> [INPUT DATA]:
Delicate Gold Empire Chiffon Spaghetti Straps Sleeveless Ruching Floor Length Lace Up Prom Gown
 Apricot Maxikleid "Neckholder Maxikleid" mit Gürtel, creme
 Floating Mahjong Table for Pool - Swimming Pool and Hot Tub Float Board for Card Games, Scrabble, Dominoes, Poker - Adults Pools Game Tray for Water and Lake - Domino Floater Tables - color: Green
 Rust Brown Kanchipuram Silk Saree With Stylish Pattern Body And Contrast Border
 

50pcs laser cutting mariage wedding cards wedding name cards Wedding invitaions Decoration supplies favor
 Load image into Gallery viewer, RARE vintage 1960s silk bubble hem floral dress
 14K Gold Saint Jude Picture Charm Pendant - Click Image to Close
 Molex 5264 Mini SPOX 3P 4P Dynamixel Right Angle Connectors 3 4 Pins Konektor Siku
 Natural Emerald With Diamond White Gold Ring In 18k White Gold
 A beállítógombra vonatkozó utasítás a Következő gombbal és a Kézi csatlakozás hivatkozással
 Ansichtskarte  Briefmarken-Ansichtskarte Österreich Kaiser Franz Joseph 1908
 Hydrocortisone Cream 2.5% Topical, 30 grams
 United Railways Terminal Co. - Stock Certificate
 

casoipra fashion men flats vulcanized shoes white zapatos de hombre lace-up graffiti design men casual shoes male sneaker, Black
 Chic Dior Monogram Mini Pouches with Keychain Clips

> [WHAT THIS TASK INVOLVES]: I need each line of the entries that holds the string "Mini" located and copied.

> [SOLUTION FOR THIS PROBLEM]:
 Molex 5264 Mini SPOX 3P 4P Dynamixel Right Angle Connectors 3 4 Pins Konektor Siku
 Chic Dior Monogram Mini Pouches with Keychain Clips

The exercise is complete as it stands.